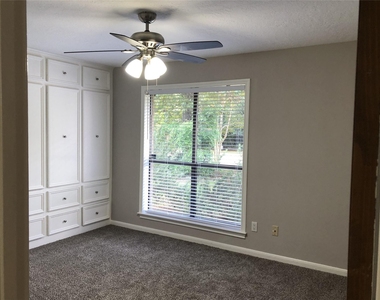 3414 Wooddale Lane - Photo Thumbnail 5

● ● ● ● ●

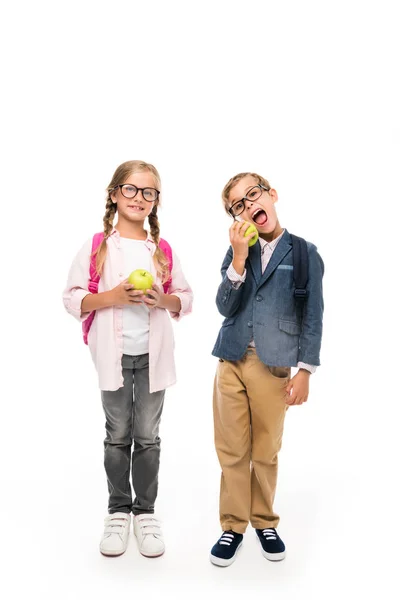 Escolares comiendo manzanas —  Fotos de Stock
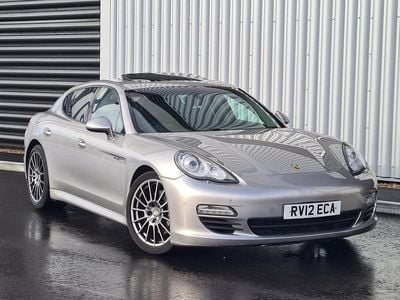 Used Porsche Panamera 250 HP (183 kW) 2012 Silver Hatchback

● ● ● ● ●

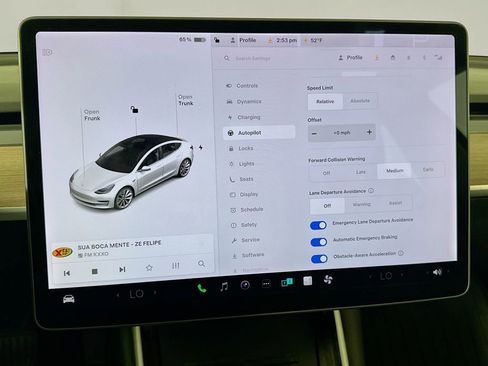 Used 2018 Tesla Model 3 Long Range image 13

● ● ● ● ●

** TASK DIRECTIONS **
What you write must match the listing exactly, from the line with "Escolares comiendo manzanas" up to and including the line with "Used Porsche Panamera". Pictures stay out.

** ANSWER SECTION **
 Escolares comiendo manzanas —  Fotos de Stock
 Used Porsche Panamera 250 HP (183 kW) 2012 Silver Hatchback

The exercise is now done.